Work to be completed. Each entry must be written out again exactly as it stands.

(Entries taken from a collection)
=-=-=-=-=
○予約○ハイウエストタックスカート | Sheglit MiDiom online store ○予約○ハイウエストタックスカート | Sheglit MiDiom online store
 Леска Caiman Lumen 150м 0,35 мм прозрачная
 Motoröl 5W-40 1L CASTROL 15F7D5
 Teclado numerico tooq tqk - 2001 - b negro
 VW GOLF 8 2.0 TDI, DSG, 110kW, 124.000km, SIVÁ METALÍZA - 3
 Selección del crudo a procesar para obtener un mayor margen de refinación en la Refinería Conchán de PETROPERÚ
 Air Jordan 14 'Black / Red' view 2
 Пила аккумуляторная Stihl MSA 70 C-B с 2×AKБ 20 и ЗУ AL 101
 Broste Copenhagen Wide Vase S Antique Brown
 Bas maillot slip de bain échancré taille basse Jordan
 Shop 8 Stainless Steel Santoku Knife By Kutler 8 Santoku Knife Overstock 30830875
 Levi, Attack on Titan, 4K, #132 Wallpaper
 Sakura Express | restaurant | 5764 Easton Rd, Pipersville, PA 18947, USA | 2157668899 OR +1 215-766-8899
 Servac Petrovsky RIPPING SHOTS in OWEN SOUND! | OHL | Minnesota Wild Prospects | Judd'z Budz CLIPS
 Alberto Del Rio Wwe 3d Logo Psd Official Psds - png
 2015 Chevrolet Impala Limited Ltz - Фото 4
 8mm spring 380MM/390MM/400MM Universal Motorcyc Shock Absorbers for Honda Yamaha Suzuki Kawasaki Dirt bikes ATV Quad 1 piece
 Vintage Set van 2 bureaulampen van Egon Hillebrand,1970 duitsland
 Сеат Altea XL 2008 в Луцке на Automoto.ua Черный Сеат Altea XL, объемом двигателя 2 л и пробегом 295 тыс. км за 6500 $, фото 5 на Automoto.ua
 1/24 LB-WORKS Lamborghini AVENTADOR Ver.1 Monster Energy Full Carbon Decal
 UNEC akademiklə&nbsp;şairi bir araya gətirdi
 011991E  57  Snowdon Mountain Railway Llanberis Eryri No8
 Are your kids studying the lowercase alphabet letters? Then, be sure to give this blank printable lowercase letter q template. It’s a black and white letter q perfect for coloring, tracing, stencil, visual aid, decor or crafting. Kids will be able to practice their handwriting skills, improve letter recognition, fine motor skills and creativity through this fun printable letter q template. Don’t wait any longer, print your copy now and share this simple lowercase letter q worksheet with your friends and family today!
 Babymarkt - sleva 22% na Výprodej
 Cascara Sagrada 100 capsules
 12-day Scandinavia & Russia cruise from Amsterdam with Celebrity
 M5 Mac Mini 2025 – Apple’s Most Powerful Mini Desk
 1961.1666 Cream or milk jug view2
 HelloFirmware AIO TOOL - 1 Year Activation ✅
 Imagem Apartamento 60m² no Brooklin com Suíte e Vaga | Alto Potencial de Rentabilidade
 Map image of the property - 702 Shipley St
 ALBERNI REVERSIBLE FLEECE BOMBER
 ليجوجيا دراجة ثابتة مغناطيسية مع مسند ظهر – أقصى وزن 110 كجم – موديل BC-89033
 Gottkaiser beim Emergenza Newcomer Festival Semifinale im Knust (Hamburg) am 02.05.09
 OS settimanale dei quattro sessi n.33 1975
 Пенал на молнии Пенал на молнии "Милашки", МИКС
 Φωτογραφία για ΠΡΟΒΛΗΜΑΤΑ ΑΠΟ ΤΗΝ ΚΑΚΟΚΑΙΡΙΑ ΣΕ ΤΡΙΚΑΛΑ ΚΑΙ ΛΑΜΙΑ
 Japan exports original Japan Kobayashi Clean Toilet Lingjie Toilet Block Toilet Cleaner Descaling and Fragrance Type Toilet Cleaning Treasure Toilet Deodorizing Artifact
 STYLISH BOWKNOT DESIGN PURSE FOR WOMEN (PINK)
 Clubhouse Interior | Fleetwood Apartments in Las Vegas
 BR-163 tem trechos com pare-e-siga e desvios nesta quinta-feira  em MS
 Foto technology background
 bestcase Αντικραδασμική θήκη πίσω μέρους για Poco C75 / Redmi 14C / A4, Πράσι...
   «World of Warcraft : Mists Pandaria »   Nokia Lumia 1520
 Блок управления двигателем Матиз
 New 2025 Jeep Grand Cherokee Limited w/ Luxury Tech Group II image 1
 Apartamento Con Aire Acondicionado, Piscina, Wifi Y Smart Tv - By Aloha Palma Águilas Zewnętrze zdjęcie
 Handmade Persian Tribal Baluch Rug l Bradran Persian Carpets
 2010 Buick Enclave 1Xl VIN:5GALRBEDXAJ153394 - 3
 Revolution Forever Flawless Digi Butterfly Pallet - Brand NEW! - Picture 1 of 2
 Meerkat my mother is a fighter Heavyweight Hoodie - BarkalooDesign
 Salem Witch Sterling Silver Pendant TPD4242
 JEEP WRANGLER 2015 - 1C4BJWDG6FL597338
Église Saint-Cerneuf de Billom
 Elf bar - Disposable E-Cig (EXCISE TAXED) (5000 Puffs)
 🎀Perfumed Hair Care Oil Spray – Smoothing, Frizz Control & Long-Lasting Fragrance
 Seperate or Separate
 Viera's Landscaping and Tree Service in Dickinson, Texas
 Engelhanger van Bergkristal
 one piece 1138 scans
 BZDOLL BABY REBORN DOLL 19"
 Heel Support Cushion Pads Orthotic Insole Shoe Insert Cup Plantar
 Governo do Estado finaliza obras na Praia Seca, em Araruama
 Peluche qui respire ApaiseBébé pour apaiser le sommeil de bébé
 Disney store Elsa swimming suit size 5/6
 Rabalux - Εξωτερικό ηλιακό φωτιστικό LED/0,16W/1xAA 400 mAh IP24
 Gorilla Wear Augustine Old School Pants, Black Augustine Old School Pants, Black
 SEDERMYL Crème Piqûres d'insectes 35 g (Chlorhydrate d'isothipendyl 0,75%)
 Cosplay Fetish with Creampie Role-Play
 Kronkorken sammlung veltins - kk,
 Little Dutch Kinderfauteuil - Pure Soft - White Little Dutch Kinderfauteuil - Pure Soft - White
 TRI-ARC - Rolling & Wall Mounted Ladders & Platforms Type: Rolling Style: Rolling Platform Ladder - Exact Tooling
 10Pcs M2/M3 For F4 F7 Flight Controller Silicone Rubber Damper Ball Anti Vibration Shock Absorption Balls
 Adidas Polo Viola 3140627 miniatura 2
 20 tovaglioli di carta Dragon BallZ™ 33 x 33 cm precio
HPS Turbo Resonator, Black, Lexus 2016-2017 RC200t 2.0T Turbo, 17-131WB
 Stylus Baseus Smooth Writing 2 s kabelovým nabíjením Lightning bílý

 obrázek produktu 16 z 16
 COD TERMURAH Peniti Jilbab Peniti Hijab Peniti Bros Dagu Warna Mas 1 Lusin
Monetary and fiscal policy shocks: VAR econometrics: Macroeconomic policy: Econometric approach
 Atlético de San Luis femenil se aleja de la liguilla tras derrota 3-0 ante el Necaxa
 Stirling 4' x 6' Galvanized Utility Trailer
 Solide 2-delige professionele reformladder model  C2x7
=-=-=-=-=
Exercise solution.
○予約○ハイウエストタックスカート | Sheglit MiDiom online store ○予約○ハイウエストタックスカート | Sheglit MiDiom online store
 Леска Caiman Lumen 150м 0,35 мм прозрачная
 Motoröl 5W-40 1L CASTROL 15F7D5
 Teclado numerico tooq tqk - 2001 - b negro
 VW GOLF 8 2.0 TDI, DSG, 110kW, 124.000km, SIVÁ METALÍZA - 3
 Selección del crudo a procesar para obtener un mayor margen de refinación en la Refinería Conchán de PETROPERÚ
 Air Jordan 14 'Black / Red' view 2
 Пила аккумуляторная Stihl MSA 70 C-B с 2×AKБ 20 и ЗУ AL 101
 Broste Copenhagen Wide Vase S Antique Brown
 Bas maillot slip de bain échancré taille basse Jordan
 Shop 8 Stainless Steel Santoku Knife By Kutler 8 Santoku Knife Overstock 30830875
 Levi, Attack on Titan, 4K, #132 Wallpaper
 Sakura Express | restaurant | 5764 Easton Rd, Pipersville, PA 18947, USA | 2157668899 OR +1 215-766-8899
 Servac Petrovsky RIPPING SHOTS in OWEN SOUND! | OHL | Minnesota Wild Prospects | Judd'z Budz CLIPS
 Alberto Del Rio Wwe 3d Logo Psd Official Psds - png
 2015 Chevrolet Impala Limited Ltz - Фото 4
 8mm spring 380MM/390MM/400MM Universal Motorcyc Shock Absorbers for Honda Yamaha Suzuki Kawasaki Dirt bikes ATV Quad 1 piece
 Vintage Set van 2 bureaulampen van Egon Hillebrand,1970 duitsland
 Сеат Altea XL 2008 в Луцке на Automoto.ua Черный Сеат Altea XL, объемом двигателя 2 л и пробегом 295 тыс. км за 6500 $, фото 5 на Automoto.ua
 1/24 LB-WORKS Lamborghini AVENTADOR Ver.1 Monster Energy Full Carbon Decal
 UNEC akademiklə&nbsp;şairi bir araya gətirdi
 011991E  57  Snowdon Mountain Railway Llanberis Eryri No8
 Are your kids studying the lowercase alphabet letters? Then, be sure to give this blank printable lowercase letter q template. It’s a black and white letter q perfect for coloring, tracing, stencil, visual aid, decor or crafting. Kids will be able to practice their handwriting skills, improve letter recognition, fine motor skills and creativity through this fun printable letter q template. Don’t wait any longer, print your copy now and share this simple lowercase letter q worksheet with your friends and family today!
 Babymarkt - sleva 22% na Výprodej
 Cascara Sagrada 100 capsules
 12-day Scandinavia & Russia cruise from Amsterdam with Celebrity
 M5 Mac Mini 2025 – Apple’s Most Powerful Mini Desk
 1961.1666 Cream or milk jug view2
 HelloFirmware AIO TOOL - 1 Year Activation ✅
 Imagem Apartamento 60m² no Brooklin com Suíte e Vaga | Alto Potencial de Rentabilidade
 Map image of the property - 702 Shipley St
 ALBERNI REVERSIBLE FLEECE BOMBER
 ليجوجيا دراجة ثابتة مغناطيسية مع مسند ظهر – أقصى وزن 110 كجم – موديل BC-89033
 Gottkaiser beim Emergenza Newcomer Festival Semifinale im Knust (Hamburg) am 02.05.09
 OS settimanale dei quattro sessi n.33 1975
 Пенал на молнии Пенал на молнии "Милашки", МИКС
 Φωτογραφία για ΠΡΟΒΛΗΜΑΤΑ ΑΠΟ ΤΗΝ ΚΑΚΟΚΑΙΡΙΑ ΣΕ ΤΡΙΚΑΛΑ ΚΑΙ ΛΑΜΙΑ
 Japan exports original Japan Kobayashi Clean Toilet Lingjie Toilet Block Toilet Cleaner Descaling and Fragrance Type Toilet Cleaning Treasure Toilet Deodorizing Artifact
 STYLISH BOWKNOT DESIGN PURSE FOR WOMEN (PINK)
 Clubhouse Interior | Fleetwood Apartments in Las Vegas
 BR-163 tem trechos com pare-e-siga e desvios nesta quinta-feira  em MS
 Foto technology background
 bestcase Αντικραδασμική θήκη πίσω μέρους για Poco C75 / Redmi 14C / A4, Πράσι...
   «World of Warcraft : Mists Pandaria »   Nokia Lumia 1520
 Блок управления двигателем Матиз
 New 2025 Jeep Grand Cherokee Limited w/ Luxury Tech Group II image 1
 Apartamento Con Aire Acondicionado, Piscina, Wifi Y Smart Tv - By Aloha Palma Águilas Zewnętrze zdjęcie
 Handmade Persian Tribal Baluch Rug l Bradran Persian Carpets
 2010 Buick Enclave 1Xl VIN:5GALRBEDXAJ153394 - 3
 Revolution Forever Flawless Digi Butterfly Pallet - Brand NEW! - Picture 1 of 2
 Meerkat my mother is a fighter Heavyweight Hoodie - BarkalooDesign
 Salem Witch Sterling Silver Pendant TPD4242
 JEEP WRANGLER 2015 - 1C4BJWDG6FL597338
Église Saint-Cerneuf de Billom
 Elf bar - Disposable E-Cig (EXCISE TAXED) (5000 Puffs)
 🎀Perfumed Hair Care Oil Spray – Smoothing, Frizz Control & Long-Lasting Fragrance
 Seperate or Separate
 Viera's Landscaping and Tree Service in Dickinson, Texas
 Engelhanger van Bergkristal
 one piece 1138 scans
 BZDOLL BABY REBORN DOLL 19"
 Heel Support Cushion Pads Orthotic Insole Shoe Insert Cup Plantar
 Governo do Estado finaliza obras na Praia Seca, em Araruama
 Peluche qui respire ApaiseBébé pour apaiser le sommeil de bébé
 Disney store Elsa swimming suit size 5/6
 Rabalux - Εξωτερικό ηλιακό φωτιστικό LED/0,16W/1xAA 400 mAh IP24
 Gorilla Wear Augustine Old School Pants, Black Augustine Old School Pants, Black
 SEDERMYL Crème Piqûres d'insectes 35 g (Chlorhydrate d'isothipendyl 0,75%)
 Cosplay Fetish with Creampie Role-Play
 Kronkorken sammlung veltins - kk,
 Little Dutch Kinderfauteuil - Pure Soft - White Little Dutch Kinderfauteuil - Pure Soft - White
 TRI-ARC - Rolling & Wall Mounted Ladders & Platforms Type: Rolling Style: Rolling Platform Ladder - Exact Tooling
 10Pcs M2/M3 For F4 F7 Flight Controller Silicone Rubber Damper Ball Anti Vibration Shock Absorption Balls
 Adidas Polo Viola 3140627 miniatura 2
 20 tovaglioli di carta Dragon BallZ™ 33 x 33 cm precio
HPS Turbo Resonator, Black, Lexus 2016-2017 RC200t 2.0T Turbo, 17-131WB
 Stylus Baseus Smooth Writing 2 s kabelovým nabíjením Lightning bílý

 obrázek produktu 16 z 16
 COD TERMURAH Peniti Jilbab Peniti Hijab Peniti Bros Dagu Warna Mas 1 Lusin
Monetary and fiscal policy shocks: VAR econometrics: Macroeconomic policy: Econometric approach
 Atlético de San Luis femenil se aleja de la liguilla tras derrota 3-0 ante el Necaxa
 Stirling 4' x 6' Galvanized Utility Trailer
 Solide 2-delige professionele reformladder model  C2x7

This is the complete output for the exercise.